I did have some classes for writing resumes and professional emails but we were like 13 and too dumb to care.
Also the class was really boring and lackluster. Telling children "you have to write down your past jobs and stuff..." and making them write a mock resume isn't very engaging
So you want them to teach you how to write a resume, but at no point do you want to write a resume while learning to write a resume because that's boring?
A lot of folks are going to be writing their first resumes at 15 years old. Maybe 12-13 is too early, but if we let curriculum be decided by what teenagers care about, we will be teaching them vanishingly little before long.
People do a lot of growing up in the fee short years between 12 and 15.

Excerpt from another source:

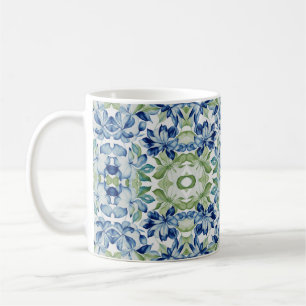 Mug Bleu vert Boho Bohémien motif floral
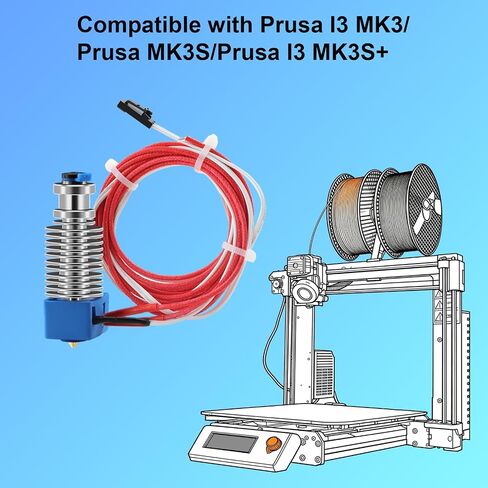 مجموعة الطارد Prusa I3 MK3 Hotend لرأس الطباعة، MK3S+ J-Head Extruder Kit متوافقة مع Prusa I3 MK3/Prusa MK3S/Prusa I3 MK3S+ 3D Printer Hotend، in Kuwait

I'd say that teaching kids those sort of skills at ages 15-17 could maybe provide some utility, but earlier is a waste of resources imo, maybe other than a very cursory look at how people get jobs?
It just makes the fact they don't teach it that much more inexcusable.
Also writing resumes has been pretty consistent the past few decades.
Ehhh kinda. How you write and tailor a resume has changed quite a bit, but it doesn't look like it from a glance. But the more important thing is that applying for jobs has changed drastically. 15yo I handed out resumes at my college's career fair and that was antiquated even then when everyone preferred online applications. It's only changed more since with job social media sometimes being required.
I don't know why it requires an entire class to teach. It's a piece of paper, with your education and job experience on it. It's not a dissertation on the mating rituals of deep sea arthropods.